ところが、債権者は、必ずしも債務者の財産や勤務先等についての正確な情報を持っているとは限りません(従来の情報を把握していたとしても、執行時点では、その情報が変動している可能性もあります)。
その場合、確定判決等を得たと言っても、絵に描いた餅になってしまいます。

そこで、平成15年の民事執行法改正で、債権者が債務者の財産に関する情報を取得するための財産開示の手続が創設されたのです。

2020年4月1日施行の改正民事執行法ではどのような改正がされたのか

平成15年に創設された財産開示手続では、債務者が正当な理由なく出頭しないなど、手続違反がある場合でも、30万円以下の過料(刑罰ではないので、前科にもなりません)という制裁があるのみでした。
そのため、裁判所から呼び出しを受けても出頭しない債務者も多く、手続の実効性が不十分であり、債務者の逃げ得になっているとの批判がありました。

そこで、2020年4月1日施行の改正民事執行法により、財産開示の手続違反について、6ヶ月以下の懲役又は50万円以下の罰金に処するとの刑事罰の規定が創設されました。

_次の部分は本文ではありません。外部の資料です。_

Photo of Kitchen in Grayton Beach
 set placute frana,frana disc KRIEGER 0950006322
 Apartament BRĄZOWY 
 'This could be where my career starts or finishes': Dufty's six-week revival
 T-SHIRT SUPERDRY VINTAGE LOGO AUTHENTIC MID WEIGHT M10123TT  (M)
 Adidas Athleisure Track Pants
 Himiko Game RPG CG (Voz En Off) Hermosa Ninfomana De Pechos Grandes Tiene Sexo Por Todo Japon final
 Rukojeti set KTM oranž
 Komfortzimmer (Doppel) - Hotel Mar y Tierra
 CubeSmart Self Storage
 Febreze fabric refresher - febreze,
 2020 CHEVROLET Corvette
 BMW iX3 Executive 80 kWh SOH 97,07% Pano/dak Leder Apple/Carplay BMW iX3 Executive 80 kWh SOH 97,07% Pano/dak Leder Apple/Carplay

「2020年10月20日に報じられた書類送検のニュースとは」で紹介したニュースは、この改正民事執行法の規定に基づき、裁判所から呼び出しを受けたにもかかわらず、財産開示手続の期日に正当な理由なく出頭しなかった者が、書類送検された、というものです。

刑事事件にならないためには

知っておきたい借金(債務)整理のポイント
  • 財産開示の申立てがなされたとしても、しっかりと対応すれば、刑事事件にはならない。

私も裁判を起こされ、書類送検されるようなことにならないか不安です。刑事事件にならないようにするにはどうすればいいですか?

財産開示の申立てがなされたとしても、直ちに刑事事件になるわけではありません。

財産開示の申立てがなされたとしても、その手続にしっかりと対応していれば、刑事事件になることはありません。
改正民事執行法213条1項5号、6号では、裁判所から財産開示期日に呼び出しを受けたにもかかわらず正当な理由なく出頭しない場合や、出頭したとしても宣誓を拒んだ場合、出頭して宣誓したにもかかわらず、陳述を拒んだり虚偽の陳述をしたりした場合に、6ヶ月以下の懲役又は50万円以下の罰金という刑事罰が科されることとなっています。
ですから、財産開示の申立てがなされたとしても、財産開示期日に出頭し、宣誓をしたうえで、自身の財産状況について正直に陳述を行えば、刑事罰が科されることはありません。

まとめ

こちらのページでは、民事執行法改正についての重要なポイントを解説いたしました。
2020年の民事執行法の改正によって、債務者の逃げ得となる事態は大きく減少すると思われます。
財産開示手続についての呼出状が届いた場合には、刑事事件になることがないよう、期日に出頭し、宣誓の上正直に陳述をする等、適切な対応をとってください。